何亮 陈丹丹
(1.重庆师范大学,重庆,410333;2.广东开放大学,广东广州,510091)
表作为公牍文的一大类,常采取以情动人的方式写作,“表以陈情”,表现出较强的文学性特征。表文有特定的功能,主要用于下级向上级进言。东汉刘熙《释名·释书契》曰:“下言于上曰‘表’。思之于内,表施于外也。”[1]关于其缘起,较为复杂。《文选·卷三十七·表上》李善注曰:“三王已前,谓之敷奏。故《尚书》云敷奏以言,是也。至秦并天下,改为表。总有四品:一曰章,谢恩曰章;二曰表,陈事曰表;三曰奏,劾验政事曰奏;四曰驳,推覆平论,有异事进之曰驳。六国及秦、汉兼谓之上书,行此五事。至汉、魏以来,都曰表。进之天子称表,进诸候称上疏。魏已前天子亦得上疏。”[2]秦朝以前,献上之言统称“敷奏”。秦朝建立后,改称为“表”。正如吴讷《文章辨体序说》所言:“三代以前,谓之敷奏。秦改曰表。汉因之。”[3]汉魏六朝、秦时,下级进呈给上级的公文还可称“上书”。汉魏以后,进献给天子的公文才称为表,进献给诸侯的则称之为“上疏”,“表”用于帝王的专属身份得以确立。表根据使用的场合和目的,可分成进献表、庆贺表、谢恩表、请求表、谏论表、遗表与陈情表等多种类别。且其功能随着时代发展,有一定变化①表文始于汉代,是大臣向皇帝陈述事情的文书。唐宋以来,仅限于陈谢、庆贺、进献所用。元代时,庆贺表文称为表章,每遇皇帝生日、元旦,五品以上官员皆上表章进贺。明代庆贺文书除表文以外,增加笺文一项,表针对皇帝和皇太后,笺针对皇后。清代表文制度沿袭明制。清代表文有两项功能:一作庆贺之用。遇有庆典,如登基、传位、册立皇后、上尊号等,王公百官均上表庆贺。二作进献修史之用。史书修成,须由总裁官具表进呈;当年考取的文武进士,也要呈表谢恩。此外,属国表文是清代表文制度中的重要组成部分,是朝贡上行文书中的主要体裁,主要功能为庆贺、请封、谢恩、进贡等。(见何新华《清代朝贡文书研究》,中山大学出版社,2016年版,第23-24页。)可见,表文的功能随着社会的发展是不断变化的。。融入唐五代小说中的表文,类型相对简单,主要有请求表、陈政表和谢表三种;使用功能却比较丰富,可以自荐、推荐他人,也可以陈政、申诉冤情、请求官职、说情。表文渗入唐五代小说,一方面增强了其文学性特征,另一方面与政治、现实相结合,扩大了题材范围,使作品表现出“有补世用”的世俗性和功利性。
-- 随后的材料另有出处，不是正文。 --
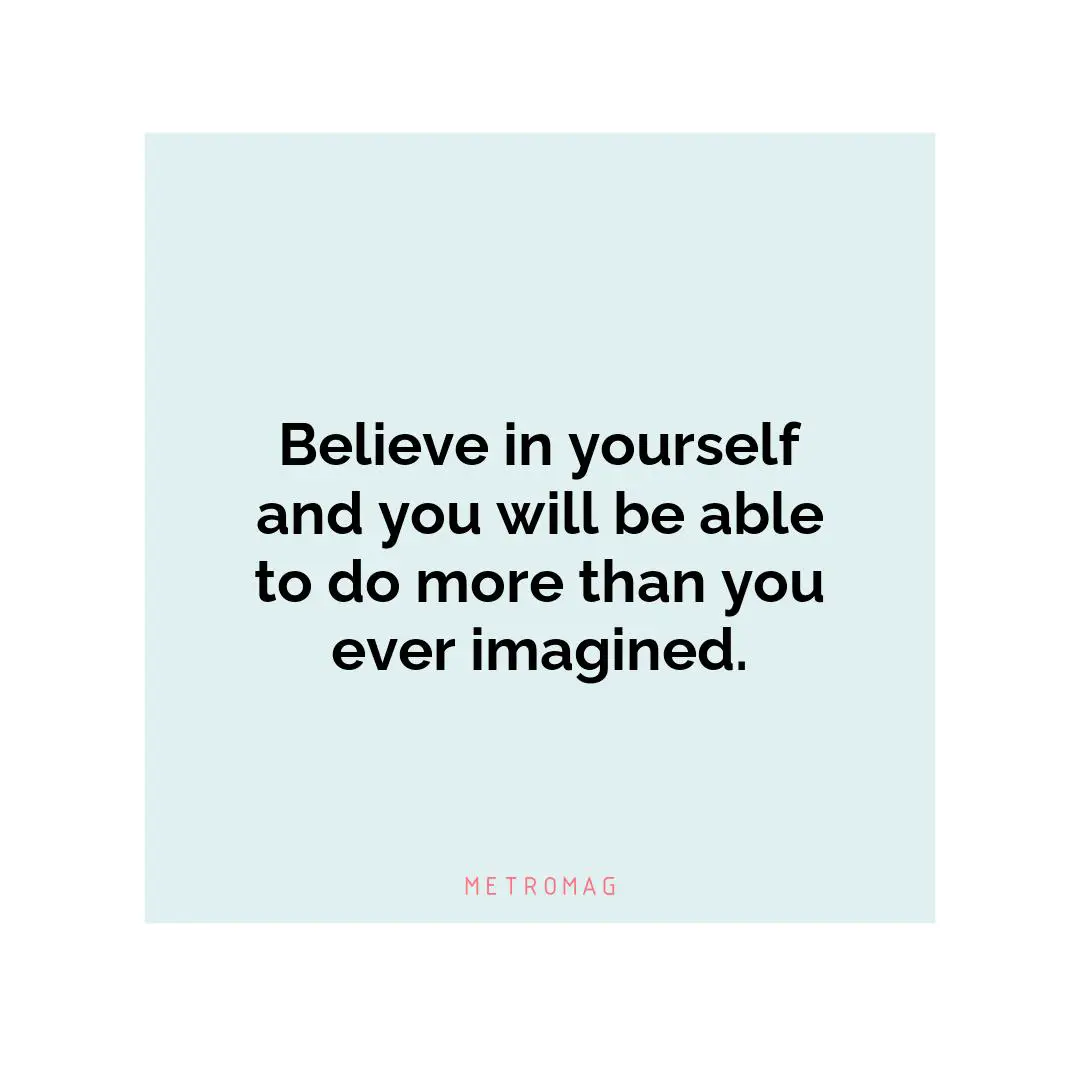 Believe in yourself and you will be able to do more than you ever imagined.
唐五代时期,随着《大唐开元礼》的编撰、颁布,以及公文自身发展的进一步完善,公务文书的格式也更加规范,更加符合礼制。当臣子有所请求时,用合乎典制的表文将下情上达。此类型的表文可称之为请求表。《全唐文》汇集了诸多相关表文。如卷一百六十九狄仁杰写给武则天的“奏从越王举兵诖误免死表”,“臣欲闻奏,似为逆人论理;知而不言,恐乖陛下存恤之意。奏成复毁,意不能定,此辈非其本心,愿矜其诖误”[4],虽寥寥数语,恳求则天皇帝饶恕因李冲叛乱事遭受牵连的六百名无辜百姓的意图却十分明晰,充分展示了狄仁杰为官的风范,以及高超的文字艺术技巧。唐五代小说中也出现了不少请求表,主要作用为自荐、推荐他人或说情。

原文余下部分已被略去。